Models 1 and 2, and respectively, models 3 and 4 solve the same task, albeit with distinct neural network architectures and strategies.

Download all weights and place in proper folders:

wget https://www.dropbox.com/s/wft4uhcj8287ojt/statedict_save-model-epoch_78.pt?dl=0 -O ./diffusion_forward/statedict_save-model-epoch_78.pt
wget https://www.dropbox.com/s/xzb2bb4eo1m859p/statedict_save-model-epoch_4851.pt?dl=0 -O ./QM_generative_diffusion_inverse/statedict_save-model-epoch_4851.pt
wget https://www.dropbox.com/s/fqu6mogj4yw2rcc/statedict_save-model-epoch_2861.pt?dl=0 -O ./QM_generative_transformer_inverse/statedict_save-model-epoch_2861.pt
wget https://www.dropbox.com/s/6hkd5vpw738o4so/statedict_save-model-epoch_10.pt?dl=0 -O ./transformer_forward/statedict_save-model-epoch_78.pt

Sample results

Both generative models can generate novel molecular structure that meet a set of properties. The image below shows a comparison of the predicted properties with the set of required properties, along with the molecular structure.

General use of the models

The models are set up in a flexible way so they can be used to generate any kind of sqeuence data from conditioning, using both the diffusion or transformer models. Below are examples of how this can be done. To implement this for systems other than, say, SMILES representations, the traing, sampling and property prediction methods need to be rewritten.
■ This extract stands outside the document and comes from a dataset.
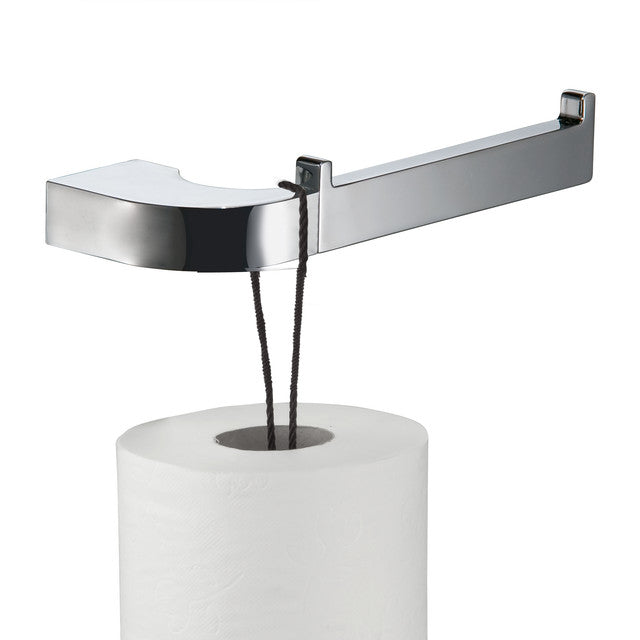 MANILLONS TORRENT 06724002 LYS Soporte Rollo Reserva Cromo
Forward diffusion model (predicts molecular properties from input): Basic model setup

from   MoleculeDiffusion import QMDiffusionForward,predict_properties_from_SMILES,ADPM2Sampler

pred_dim=1 #Prediction embedding dimension, 1 here since we're predicting a max_featuresx1 tensor with the properties
max_length_forward=64
 
context_embedding_max_length=y_data.shape[1]
model_forward =QMDiffusionForward( 
        max_length=max_length_forward, #length of predicted data
        pred_dim=pred_dim,
        channels=64,
        unet_type='cfg', #'base', #'cfg',
        context_embedding_max_length=max_length_forward, #length of conditioning 
        pos_emb_fourier=True,
        pos_emb_fourier_add=False,
        text_embed_dim = 64,
        embed_dim_position=64,
        ) .to(device)  

Generative inverse diffusion mode: Basic model setup

from MoleculeDiffusion import QMDiffusion 

device='cpu'
max_length = 64
pred_dim=16 #dimension equals number of unique tokens
context_embedding_max_length=12 #dimension equals length of conditioning, i.e. number of molecular features to be considered

model =QMDiffusion( 
        max_length=max_length,#length of predicted results, i.e. max length of the SMILES string
        pred_dim=pred_dim,
        channels=64,
        unet_type='cfg', #'base', #'cfg',
        context_embedding_max_length=context_embedding_max_length,#length of conditioning 
        pos_emb_fourier=True,
        pos_emb_fourier_add=False,
        text_embed_dim = 64,
        embed_dim_position=64,
        )  .to(device)

sequences= torch.randn(4, context_embedding_max_length ).to (device) #conditioning sequence; note, max_text_len=12, 
output=torch.randint (0,pred_dim, (4, pred_dim , max_length)).to(device).float() #batch, number of tokens, length (length is flexible)
 
loss=model(sequences=sequences, #conditioning sequence (set of floating points)
           output=output, #desired result (e.g. one-hot encoded sequence
        )
loss.backward()
loss

#Generate
generated=model.sample (sequences,
              device,
              cond_scale=1.,
              timesteps=64,
              clamp=False,
              )
 
print (generated.shape) #(b, pred_dim, max_length])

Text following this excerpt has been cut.